===== Stored data

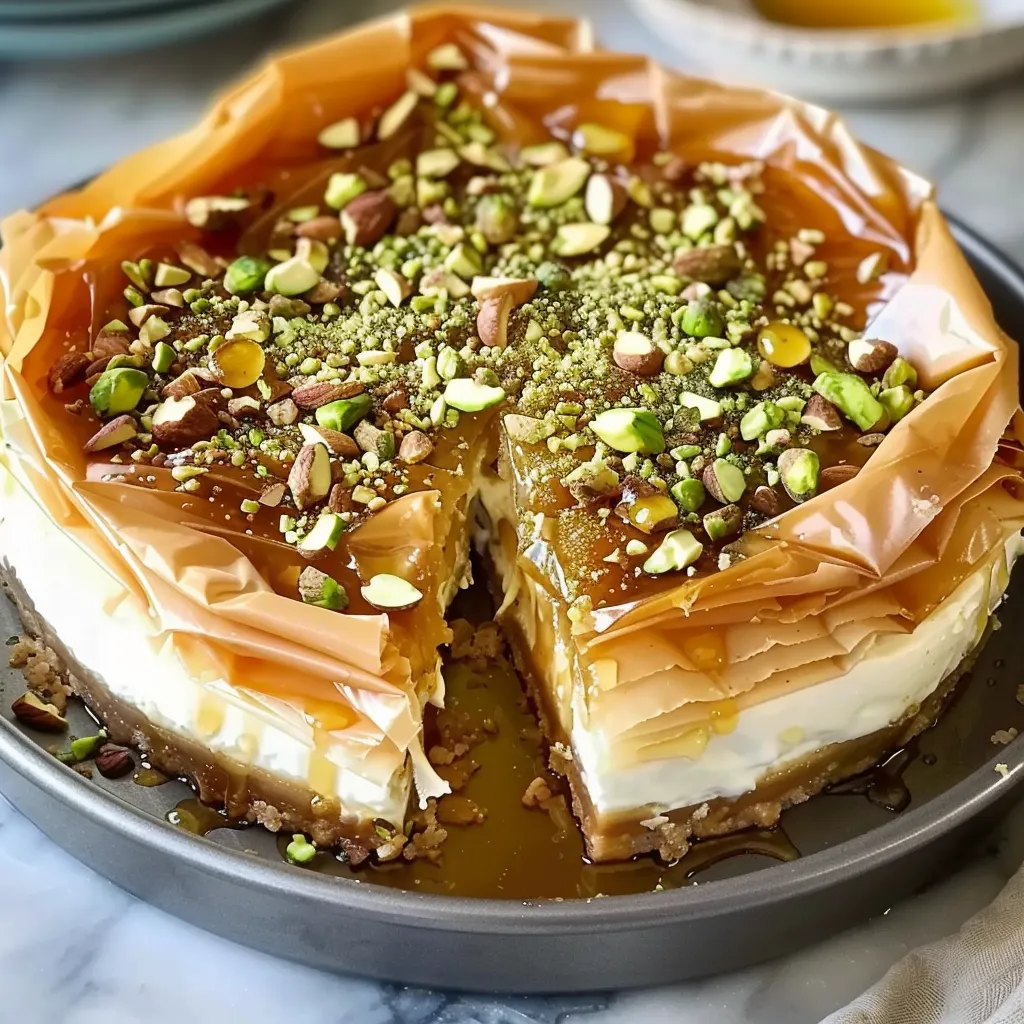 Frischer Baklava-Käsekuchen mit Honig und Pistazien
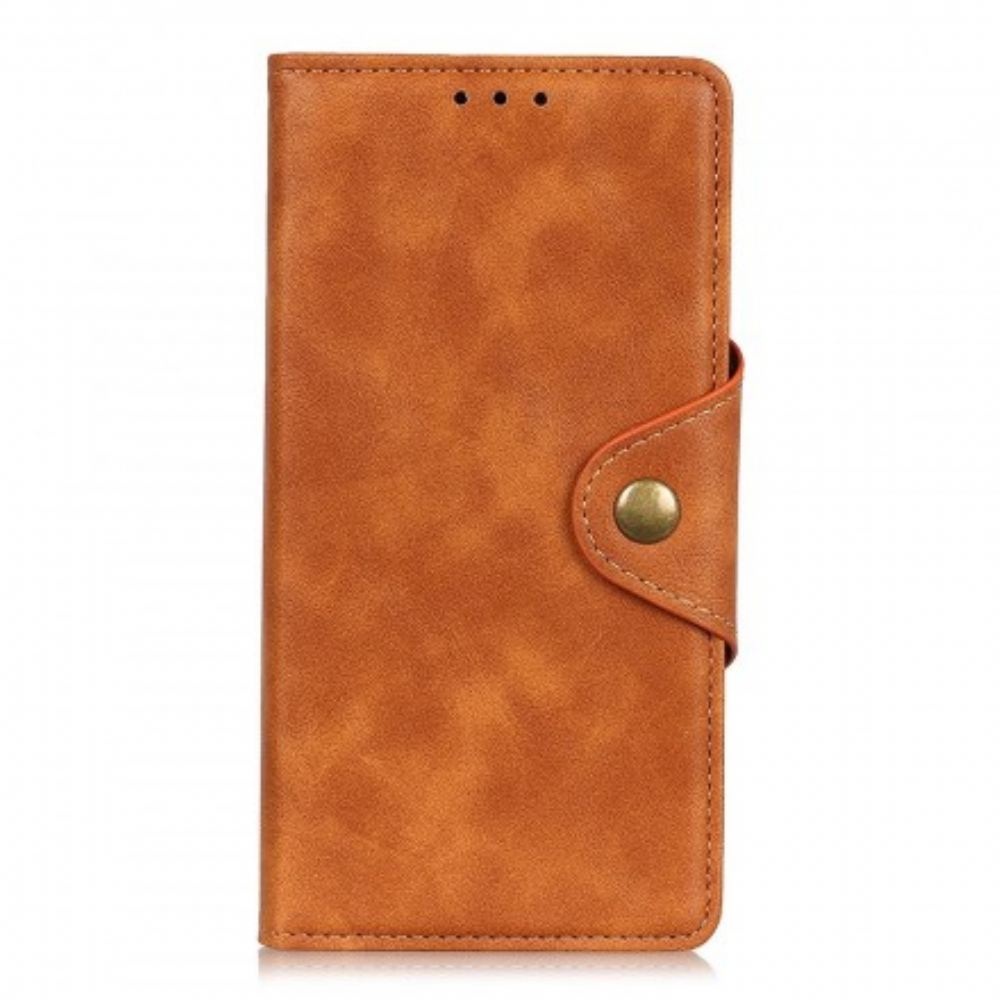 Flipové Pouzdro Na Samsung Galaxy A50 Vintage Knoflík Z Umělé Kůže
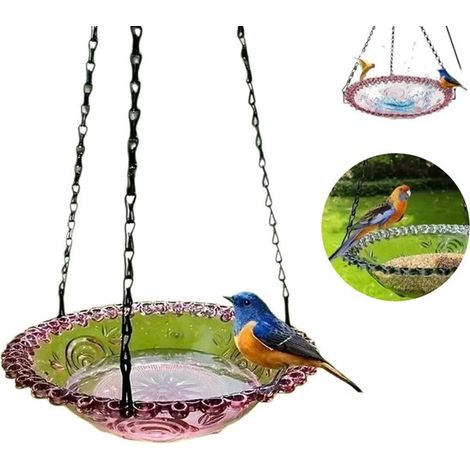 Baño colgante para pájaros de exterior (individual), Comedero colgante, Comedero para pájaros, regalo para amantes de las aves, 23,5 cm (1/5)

==========

Problem requirements
Omit the images; transcribe the listing verbatim.

Final answer
 Frischer Baklava-Käsekuchen mit Honig und Pistazien
 Flipové Pouzdro Na Samsung Galaxy A50 Vintage Knoflík Z Umělé Kůže
 Baño colgante para pájaros de exterior (individual), Comedero colgante, Comedero para pájaros, regalo para amantes de las aves, 23,5 cm (1/5)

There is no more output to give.